> EXTRACTED DATA
Segment Open
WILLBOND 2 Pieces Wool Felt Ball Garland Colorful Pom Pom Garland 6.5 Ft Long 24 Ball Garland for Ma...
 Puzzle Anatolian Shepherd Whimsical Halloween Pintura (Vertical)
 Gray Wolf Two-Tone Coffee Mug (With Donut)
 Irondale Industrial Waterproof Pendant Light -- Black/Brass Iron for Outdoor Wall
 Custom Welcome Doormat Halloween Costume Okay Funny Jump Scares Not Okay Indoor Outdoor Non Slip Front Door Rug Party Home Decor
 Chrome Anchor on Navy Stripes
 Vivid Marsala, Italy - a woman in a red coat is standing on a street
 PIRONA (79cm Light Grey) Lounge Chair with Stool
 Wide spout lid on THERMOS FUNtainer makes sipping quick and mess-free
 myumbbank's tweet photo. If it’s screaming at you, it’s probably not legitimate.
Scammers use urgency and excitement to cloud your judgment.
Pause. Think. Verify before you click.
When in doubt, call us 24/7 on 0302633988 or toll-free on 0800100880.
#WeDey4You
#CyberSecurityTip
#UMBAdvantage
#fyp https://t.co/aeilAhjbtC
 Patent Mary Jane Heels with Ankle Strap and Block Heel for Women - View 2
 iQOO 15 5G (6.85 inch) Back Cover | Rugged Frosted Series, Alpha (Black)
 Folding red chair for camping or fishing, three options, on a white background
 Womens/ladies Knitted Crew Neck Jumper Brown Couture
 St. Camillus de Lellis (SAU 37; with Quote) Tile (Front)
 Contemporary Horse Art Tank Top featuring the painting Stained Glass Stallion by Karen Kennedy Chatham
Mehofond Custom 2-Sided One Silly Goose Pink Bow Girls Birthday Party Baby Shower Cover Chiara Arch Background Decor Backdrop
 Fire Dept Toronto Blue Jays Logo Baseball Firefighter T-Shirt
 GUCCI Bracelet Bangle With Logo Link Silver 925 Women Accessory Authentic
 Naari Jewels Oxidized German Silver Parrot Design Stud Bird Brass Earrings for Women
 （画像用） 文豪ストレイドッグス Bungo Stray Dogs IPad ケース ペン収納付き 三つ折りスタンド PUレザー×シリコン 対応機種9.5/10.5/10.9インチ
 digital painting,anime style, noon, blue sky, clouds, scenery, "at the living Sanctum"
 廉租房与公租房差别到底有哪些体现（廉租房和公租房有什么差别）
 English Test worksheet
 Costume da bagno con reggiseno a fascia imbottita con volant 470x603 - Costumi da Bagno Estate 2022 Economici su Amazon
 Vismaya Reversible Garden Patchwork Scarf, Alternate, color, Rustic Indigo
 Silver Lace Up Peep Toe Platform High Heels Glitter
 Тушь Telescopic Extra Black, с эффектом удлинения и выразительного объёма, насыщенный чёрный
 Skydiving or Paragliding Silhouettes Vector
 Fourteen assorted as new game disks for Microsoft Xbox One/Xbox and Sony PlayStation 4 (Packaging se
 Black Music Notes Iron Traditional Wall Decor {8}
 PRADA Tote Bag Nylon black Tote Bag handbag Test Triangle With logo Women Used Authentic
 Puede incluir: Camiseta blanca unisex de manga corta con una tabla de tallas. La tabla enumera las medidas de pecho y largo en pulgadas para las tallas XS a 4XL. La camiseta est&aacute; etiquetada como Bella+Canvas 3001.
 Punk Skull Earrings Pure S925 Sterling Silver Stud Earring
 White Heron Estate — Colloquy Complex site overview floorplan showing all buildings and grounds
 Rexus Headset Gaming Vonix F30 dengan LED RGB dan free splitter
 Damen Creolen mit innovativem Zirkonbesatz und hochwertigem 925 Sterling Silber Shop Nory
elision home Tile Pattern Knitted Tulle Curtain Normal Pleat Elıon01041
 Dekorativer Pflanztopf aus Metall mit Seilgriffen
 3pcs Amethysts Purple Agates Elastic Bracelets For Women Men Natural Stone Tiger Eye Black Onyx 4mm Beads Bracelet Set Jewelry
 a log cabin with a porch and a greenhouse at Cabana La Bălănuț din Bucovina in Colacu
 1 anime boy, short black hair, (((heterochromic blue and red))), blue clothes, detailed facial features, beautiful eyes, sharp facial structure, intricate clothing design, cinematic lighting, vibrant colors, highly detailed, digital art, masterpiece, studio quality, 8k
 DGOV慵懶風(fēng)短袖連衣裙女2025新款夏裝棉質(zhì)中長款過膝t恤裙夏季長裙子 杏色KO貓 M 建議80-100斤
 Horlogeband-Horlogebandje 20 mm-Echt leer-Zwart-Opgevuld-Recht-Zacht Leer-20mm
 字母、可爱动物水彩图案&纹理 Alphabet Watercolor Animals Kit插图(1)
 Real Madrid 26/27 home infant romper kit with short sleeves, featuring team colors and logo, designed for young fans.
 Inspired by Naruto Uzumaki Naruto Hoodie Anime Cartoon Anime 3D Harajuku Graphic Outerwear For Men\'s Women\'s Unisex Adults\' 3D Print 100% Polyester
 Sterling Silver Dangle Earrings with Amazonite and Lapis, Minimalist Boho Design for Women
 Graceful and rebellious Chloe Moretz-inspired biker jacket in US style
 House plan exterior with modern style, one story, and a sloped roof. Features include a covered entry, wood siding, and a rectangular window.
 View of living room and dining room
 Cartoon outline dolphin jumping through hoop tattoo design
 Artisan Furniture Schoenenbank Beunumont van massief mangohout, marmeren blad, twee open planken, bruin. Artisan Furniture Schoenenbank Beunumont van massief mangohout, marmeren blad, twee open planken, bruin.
Segment Closed
Reproduce every record, matching each line exactly.

> EXERCISE RESULT
WILLBOND 2 Pieces Wool Felt Ball Garland Colorful Pom Pom Garland 6.5 Ft Long 24 Ball Garland for Ma...
 Puzzle Anatolian Shepherd Whimsical Halloween Pintura (Vertical)
 Gray Wolf Two-Tone Coffee Mug (With Donut)
 Irondale Industrial Waterproof Pendant Light -- Black/Brass Iron for Outdoor Wall
 Custom Welcome Doormat Halloween Costume Okay Funny Jump Scares Not Okay Indoor Outdoor Non Slip Front Door Rug Party Home Decor
 Chrome Anchor on Navy Stripes
 Vivid Marsala, Italy - a woman in a red coat is standing on a street
 PIRONA (79cm Light Grey) Lounge Chair with Stool
 Wide spout lid on THERMOS FUNtainer makes sipping quick and mess-free
 myumbbank's tweet photo. If it’s screaming at you, it’s probably not legitimate.
Scammers use urgency and excitement to cloud your judgment.
Pause. Think. Verify before you click.
When in doubt, call us 24/7 on 0302633988 or toll-free on 0800100880.
#WeDey4You
#CyberSecurityTip
#UMBAdvantage
#fyp https://t.co/aeilAhjbtC
 Patent Mary Jane Heels with Ankle Strap and Block Heel for Women - View 2
 iQOO 15 5G (6.85 inch) Back Cover | Rugged Frosted Series, Alpha (Black)
 Folding red chair for camping or fishing, three options, on a white background
 Womens/ladies Knitted Crew Neck Jumper Brown Couture
 St. Camillus de Lellis (SAU 37; with Quote) Tile (Front)
 Contemporary Horse Art Tank Top featuring the painting Stained Glass Stallion by Karen Kennedy Chatham
Mehofond Custom 2-Sided One Silly Goose Pink Bow Girls Birthday Party Baby Shower Cover Chiara Arch Background Decor Backdrop
 Fire Dept Toronto Blue Jays Logo Baseball Firefighter T-Shirt
 GUCCI Bracelet Bangle With Logo Link Silver 925 Women Accessory Authentic
 Naari Jewels Oxidized German Silver Parrot Design Stud Bird Brass Earrings for Women
 （画像用） 文豪ストレイドッグス Bungo Stray Dogs IPad ケース ペン収納付き 三つ折りスタンド PUレザー×シリコン 対応機種9.5/10.5/10.9インチ
 digital painting,anime style, noon, blue sky, clouds, scenery, "at the living Sanctum"
 廉租房与公租房差别到底有哪些体现（廉租房和公租房有什么差别）
 English Test worksheet
 Costume da bagno con reggiseno a fascia imbottita con volant 470x603 - Costumi da Bagno Estate 2022 Economici su Amazon
 Vismaya Reversible Garden Patchwork Scarf, Alternate, color, Rustic Indigo
 Silver Lace Up Peep Toe Platform High Heels Glitter
 Тушь Telescopic Extra Black, с эффектом удлинения и выразительного объёма, насыщенный чёрный
 Skydiving or Paragliding Silhouettes Vector
 Fourteen assorted as new game disks for Microsoft Xbox One/Xbox and Sony PlayStation 4 (Packaging se
 Black Music Notes Iron Traditional Wall Decor {8}
 PRADA Tote Bag Nylon black Tote Bag handbag Test Triangle With logo Women Used Authentic
 Puede incluir: Camiseta blanca unisex de manga corta con una tabla de tallas. La tabla enumera las medidas de pecho y largo en pulgadas para las tallas XS a 4XL. La camiseta est&aacute; etiquetada como Bella+Canvas 3001.
 Punk Skull Earrings Pure S925 Sterling Silver Stud Earring
 White Heron Estate — Colloquy Complex site overview floorplan showing all buildings and grounds
 Rexus Headset Gaming Vonix F30 dengan LED RGB dan free splitter
 Damen Creolen mit innovativem Zirkonbesatz und hochwertigem 925 Sterling Silber Shop Nory
elision home Tile Pattern Knitted Tulle Curtain Normal Pleat Elıon01041
 Dekorativer Pflanztopf aus Metall mit Seilgriffen
 3pcs Amethysts Purple Agates Elastic Bracelets For Women Men Natural Stone Tiger Eye Black Onyx 4mm Beads Bracelet Set Jewelry
 a log cabin with a porch and a greenhouse at Cabana La Bălănuț din Bucovina in Colacu
 1 anime boy, short black hair, (((heterochromic blue and red))), blue clothes, detailed facial features, beautiful eyes, sharp facial structure, intricate clothing design, cinematic lighting, vibrant colors, highly detailed, digital art, masterpiece, studio quality, 8k
 DGOV慵懶風(fēng)短袖連衣裙女2025新款夏裝棉質(zhì)中長款過膝t恤裙夏季長裙子 杏色KO貓 M 建議80-100斤
 Horlogeband-Horlogebandje 20 mm-Echt leer-Zwart-Opgevuld-Recht-Zacht Leer-20mm
 字母、可爱动物水彩图案&纹理 Alphabet Watercolor Animals Kit插图(1)
 Real Madrid 26/27 home infant romper kit with short sleeves, featuring team colors and logo, designed for young fans.
 Inspired by Naruto Uzumaki Naruto Hoodie Anime Cartoon Anime 3D Harajuku Graphic Outerwear For Men\'s Women\'s Unisex Adults\' 3D Print 100% Polyester
 Sterling Silver Dangle Earrings with Amazonite and Lapis, Minimalist Boho Design for Women
 Graceful and rebellious Chloe Moretz-inspired biker jacket in US style
 House plan exterior with modern style, one story, and a sloped roof. Features include a covered entry, wood siding, and a rectangular window.
 View of living room and dining room
 Cartoon outline dolphin jumping through hoop tattoo design
 Artisan Furniture Schoenenbank Beunumont van massief mangohout, marmeren blad, twee open planken, bruin. Artisan Furniture Schoenenbank Beunumont van massief mangohout, marmeren blad, twee open planken, bruin.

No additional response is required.